I angst a lot over the poor photo quality I often see used on jewelry websites and in print ads. Someone will never know the detail of intricate fine jewelry unless they are holding it in their hand or looking at a perfect quality photo.
I have a simple idea of a perfect quality photo: just be in focus and properly lit.
I like to use photos with interesting backgrounds to attract attention and then high definition photos with pure white backgrounds on the product detail pages. At minimum, the high definition photos should be 1000 pixels x 1000 pixels.
Most people have trouble shooting jewelry on a pure white background. It's not necessarily a lacking of the photographer's skills, but because the digital cameras have trouble focusing and correctly white balancing on the pure white background of a lighting box or tent. When set in auto mode, most digital cameras incorrectly auto-adjust their settings causing an underexposed photo with a gray or blue background. That background then needs to be removed in Photoshop.
Another difficulty with digital cameras is how they auto-select their ISO speeds. Higher ISO result in grainer images, i.e. they look fuzzier. Higher ISO and slower shutter speeds will ruin your jewelry photography, especially when you are trying to focus on really fine details, like the bezel holding in a pave diamond.
Even when you do get the lighting and focus perfect, sometimes the background still looks gray; this is when you need to use Photoshop to somehow remove the background.
Instead of doing it yourself, there are a lot of services now that will remove background for you. Depending on the complexity of the photograph you might need a "clipping path" service or a "masking" service.
Clipping path is usually used for items that have simple edges. For a few dollars each you can remove those pesky gray backgrounds instead of spending your own time in Photoshop.
The masking service is what you would use for more complicated background removal projects.
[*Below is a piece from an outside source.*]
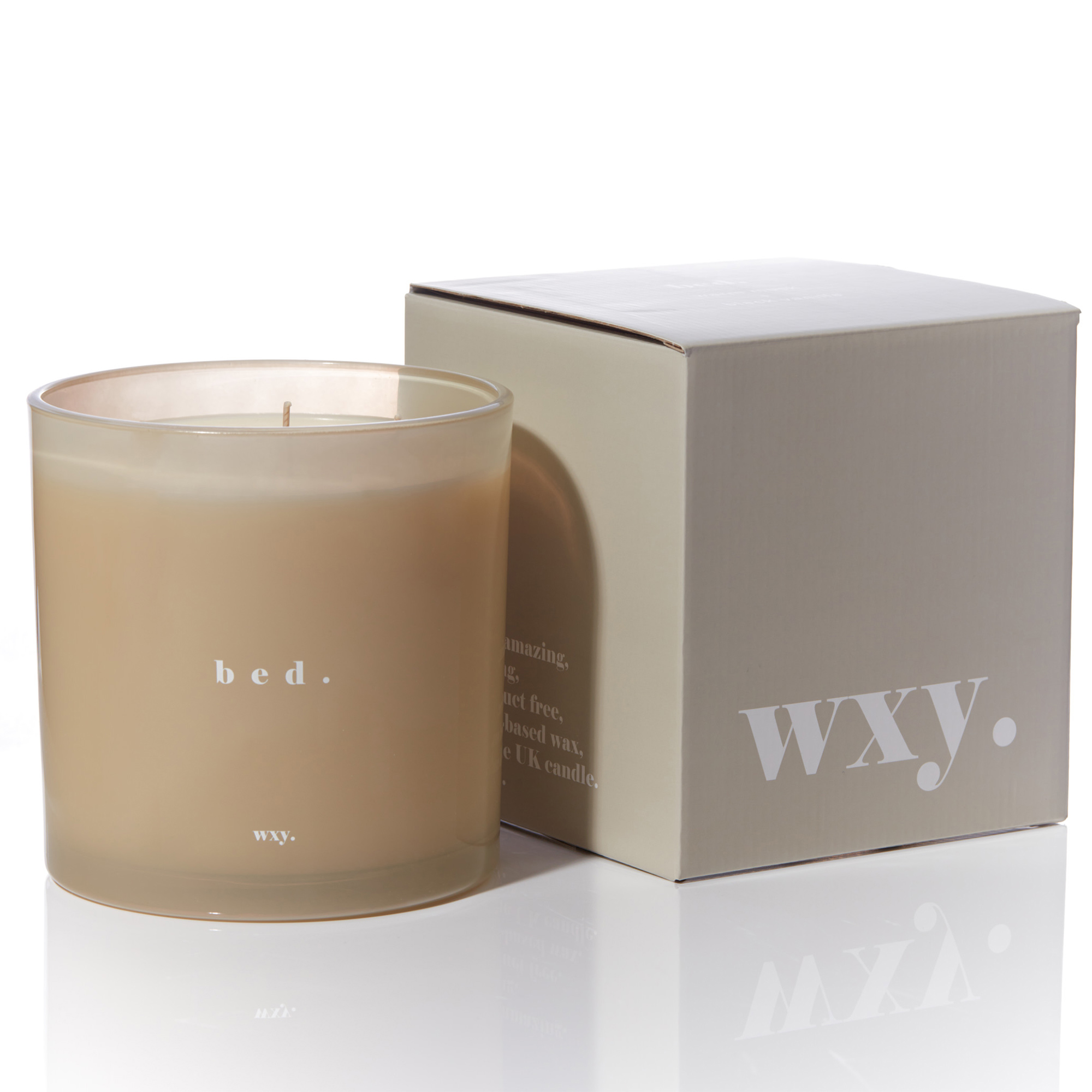 A beige candle in a glass holder labeled "bed." next to its box, which has "WXY." printed on it.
A good example is when you need to correctly preserve the look of the hairline around a model.
Depending on the company you use, they might return the image to you with a transparent background or on a white background.
The other day while at the JCK Show, I spotted this vendor brochure that was poorly clipped:
(click to enlarge)
The white dots (or glow) you see around those two diamond rings is a result of low quality Photoshop work. That glow would not be visible if the rings were printed on a white background.
This next photo is from the same brochure:
(click to enlarge)
In this case, you can see a white halo through the hair of both models. A little more attention to detail would have preserved their hairline yet dropped out the white background completely. Once again, the only reason this is noticeable is because the clipped photo was placed in front of a color background.
The internet is a very visual place. A few years ago you needed a lot of training to edit in Photoshop; now there are simple apps on tablets and smartphones to allow you to do minor photo editing.
Although these simple apps and masking services might save you the high expense of a Photoshop professional, don't settle for sloppy work like the two examples I've shown above. Your photography will hinder your sales if you use the wrong editing procedure.
The examples above were on the front and back covers of that vendor's 32 page brochure. I didn't find any mistakes with any of the hundreds of other photos inside.